Jak wskazuje ekspert IFW Mahlkow, w przypadku nowych źródeł zaopatrzenia konieczne będzie przestawienie się. Gdyż „rafinerie we wschodnich Niemczech są w znacznym stopniu przystosowane do ropyz niektórych złóż na Syberii i ich przebudowa wiązałaby się z inwestycjami”. Te dodatkowe koszty mogą uderzyć w konsumentów. Ponadto przejście na nowy system wymaga czasu. W międzyczasie paliwo musiałoby być transportowane na większe odległości z innych rafinerii - to kolejny czynnik wpływający na koszty. W takim przypadku ceny na stacjach benzynowych we wschodnich Niemczech mogą być jeszcze wyższe niż w innych częściach Republiki Federalnej − przewiduje Mahlkow.

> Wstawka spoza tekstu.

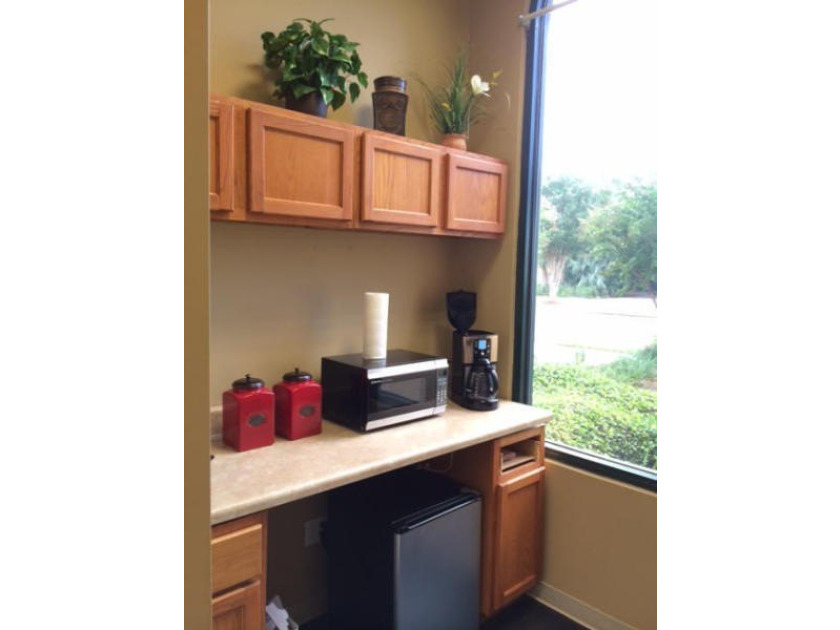 This office suite is on the first floor and features a - photo 8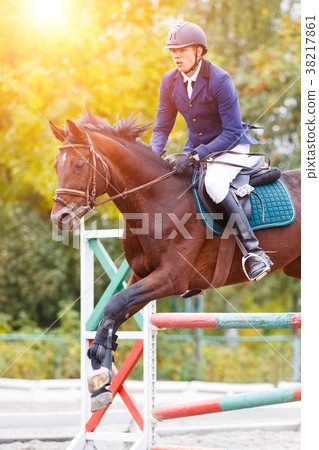 Young rider man jumping on equestrian competition 38217861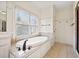 Bathroom with a large soaking tub and tiled floor at 3015 Woodvale Ct, Alpharetta, GA 30022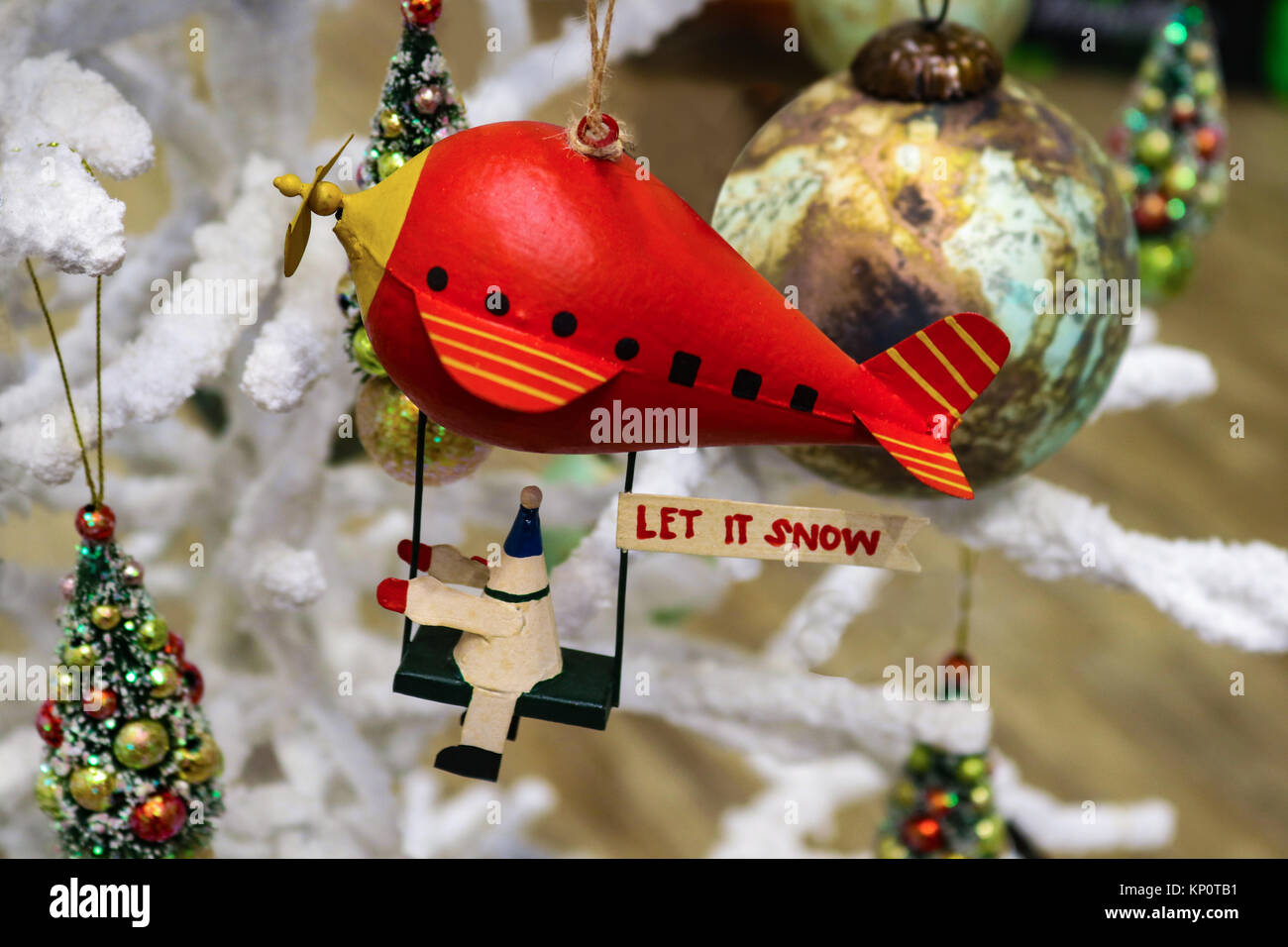 Natale robot a cavallo rosso blimp con Let it Snow segno su soffici albero di Natale con altri ornamenti Foto Stock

Z kolei ekspert Ifo, Ragnitz, dostrzega również trudności w przestawieniu dostaw ropy naftowej na drogę morską. Jego zdaniem, „Nie będzie tak wielu tankowców do dostarczania wystarczających ilości surowca i nie da się też z dnia na dzień zbudować nowego rurociągu”.
Co na to koncern Total?
Koncern Total wyznaczył już kierunek rozwoju rafinerii w Leuna, zatrudniającej 660 pracowników. Jak poinformował w tym tygodniu, z końcem roku firma skończy z zakupem rosyjskiej ropy.
Inaczej wygląda sytuacja w Schwedt. Rosyjski właściciel rafinerii PCK raczej nie zamierza zrezygnować z dostaw rurociągiem „Przyjaźń”, którego operatorem jest rosyjska spółka Transneft. Jak obliczył minister gospodarki Robert Habeck płynie nim jedna trzecia niemieckiego importu ropy z Rosji. „Rząd federalny usilnie pracuje nad rozwiązaniem tego złożonego problemu, aby osiągnąć całkowitą niezależność od rosyjskiej ropy” – wynika z rządowego raportu.
Tymczasem w 30 tysięcznym Schwedt, które powstało wraz z budową zakładów przetwórstwa ropy w latach 60. ubiegłego wieku zapanowała wielka niepewność. Jak informuje rzeczniczka władz miasta nie milkną telefony. Padają pytania o przyszłość rafinerii, która zatrudnia ponad 1100 osób. Czy zagrożone są miejsca pracy?
Według eksperta Ifo Mahlkowa, w rafineriach jest zgromadzony duży kapitał i z pewnością będą one w stanie dostosować się do nowych dostawców. Dlatego nie dostrzega on w średniej perspektywie zagrożenia dla miejsc pracy. Jednak konsekwencje wyższych cen dla tych i innych branż są jednak trudne do oszacowania nawet dla ekspertów. W samym ośrodku chemicznym w Leunie działa 100 firm zatrudniających 12 000 pracowników.